Submission Scripts
In order for the cluster to compute a user’s job, the user has to write and submit a slurm script. A slurm script is a shell script that is used to inform slurm on how many resources should be allocated for the user’s job, the dependencies of a job such as modules and other debugging tools the user would like to add.
Below is an example of a simple slurm script that submits a python job.
#!/bin/bash
#SBATCH --cpus-per-task=4
#SBATCH --mem=2G
#SBATCH --time=1:00:00
# The anaconda module provides Python
module load anaconda/anaconda-2023.09
# Activate one of the pre-made ARCC environments (or
# your own environment) on top of the base environment.
conda activate base
# Run a Python script
python3 python-script.py
The very first line of every Slurm script will be #!/bin/bash. This is called Shebang, and it notifies the system to use a bash shell to run the script.
The second section of slurm-script.slurm is where the user writes the Slurm directives. While these might look like comments, given by the “#” character, these lines of code gives us the ability to choose how many resources we would like to allocate for our job and many other attributes. The Slurm directive syntax is as follows: #SBATCH [option]

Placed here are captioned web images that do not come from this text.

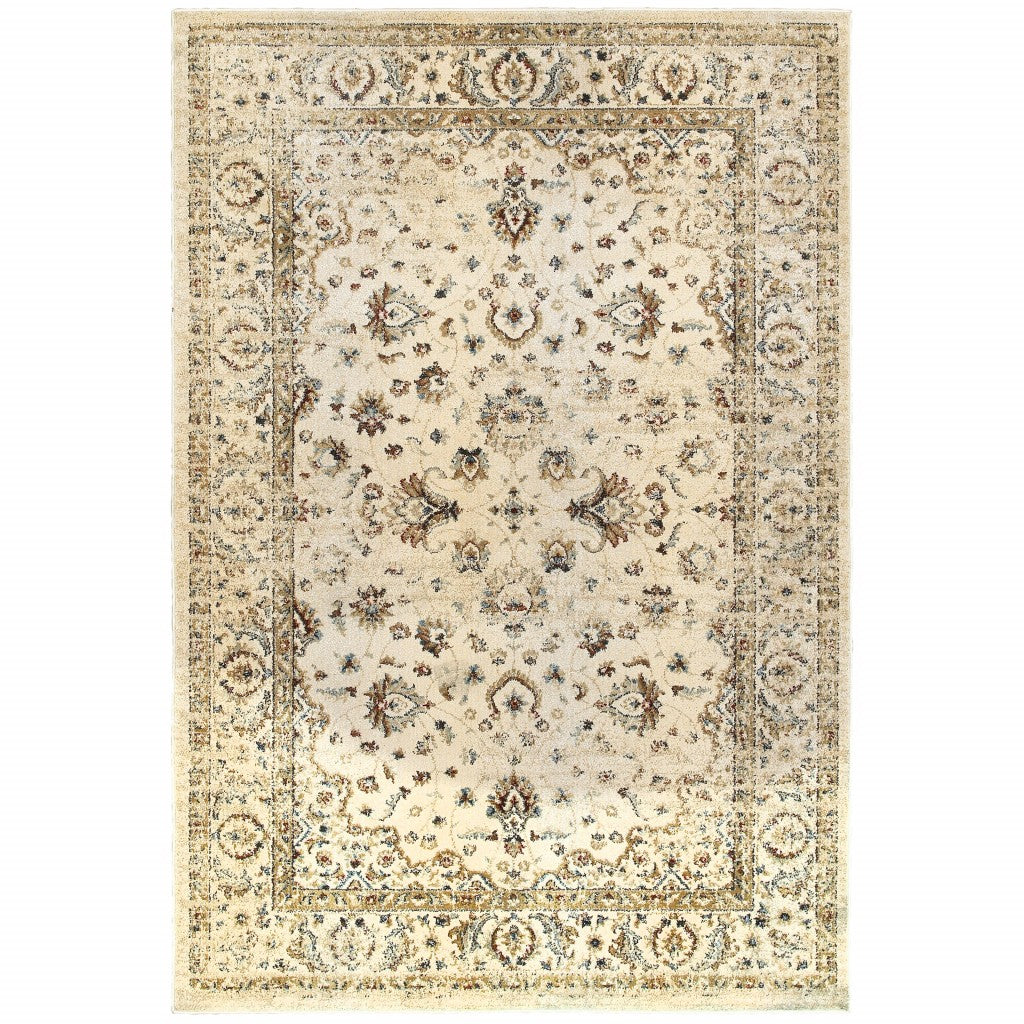 8’ X 11’ Ivory And Gold Distressed Indoor Area Rug - 99fab 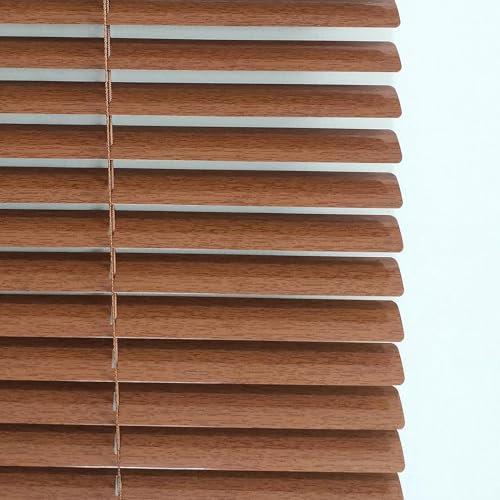 Jalousie aus Aluminium – Metall, Holzoptik, verstellbare Jalousien aus Aluminium, Jalousien für den Innenbereich, Sonnenschutz für Fenster und Türen, Breite x Höhe (100 x 120 cm)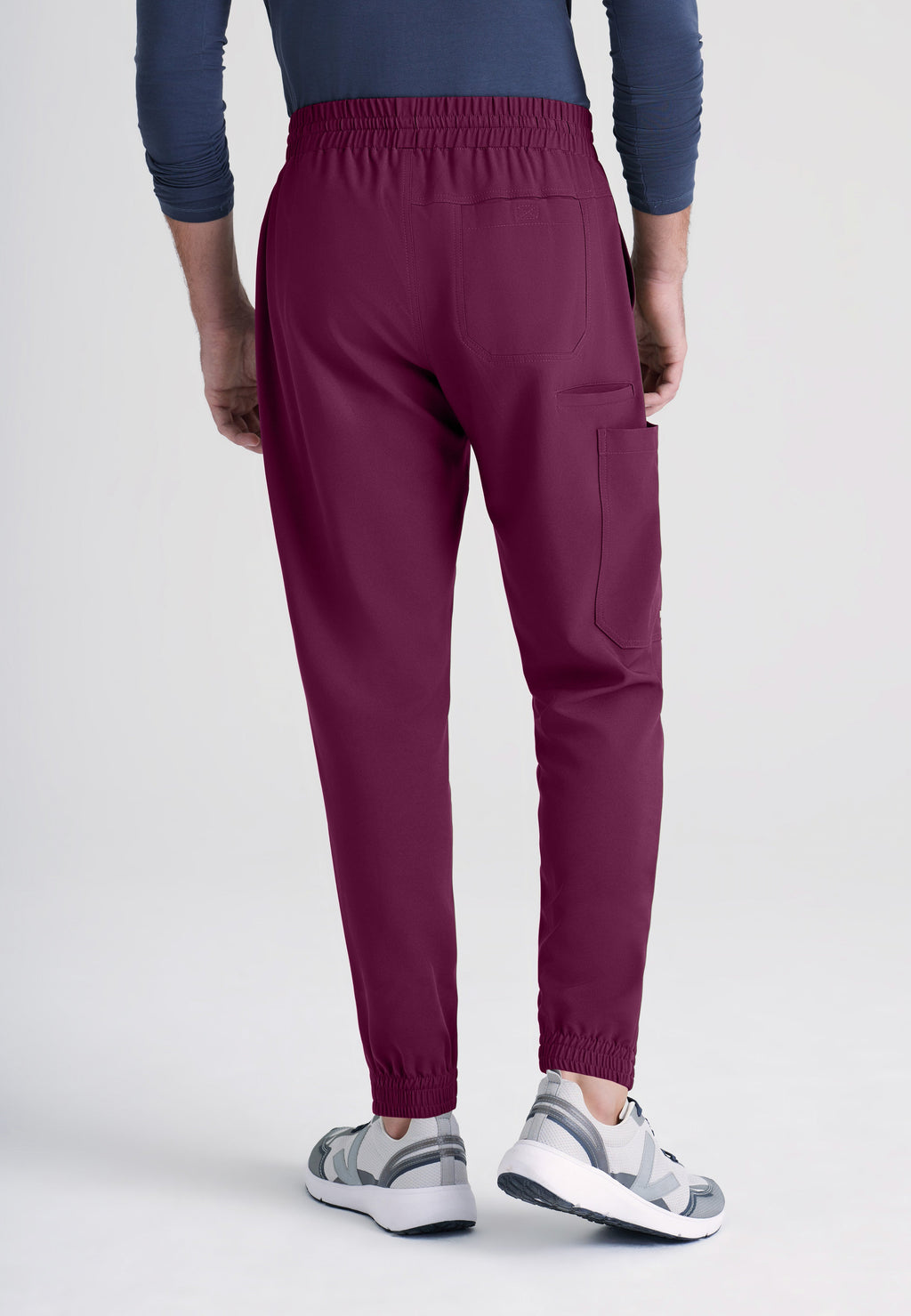 Back View of the Voyager 5-Pocket CICLO® Jogger Scrub Pant in Wine from Grey's Anatomy™ by Barco Evolve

Below is a list of some commonly used Slurm directives with brief explanations:
Slurm Option | Description |
---|---|
--nodes=<n> |
Number of nodes to request. Default is one. |
--time=dd-hh:mm:ss |
Amount of time needed for this job. Default is one hour. |
--ntasks-per-node=<n> |
Number of tasks per requested node. |
--mem=<n>G |
The memory needed for the job. |
--gres=gpu:<n> |
Number of GPUs needed for the job. |
--gres=gpu:<type>:<n> |
Request a specific GPU. |
--cpus-per-task=<n> |
Number of CPUs allocated to each task. |
--job-name=<name> |
Gives your job a name. |
--output=<name> |
Specifies the file name for the output. Use %j for the job ID. |
--error=<name> |
Specifies the file name for the error. Use %j for the job ID. |
--partition=<name> |
Specifies the partition to submit the job to. |
Slurm offers many more Slurm directives, which can be found in the Slurm documentation here.
Submitting a Slurm Script
Once the Slurm script is written, the user may submit it using the sbatch command. The syntax is as follows:
sbatch [slurm script]
If the user has successfult submitted the script the following message should be displayed:
Submitted batch job [job ID]
Once the job has been deployed and given a job ID, the user may check the current status of their job using squeue -u [username]. This will list all the jobs the user has currently running.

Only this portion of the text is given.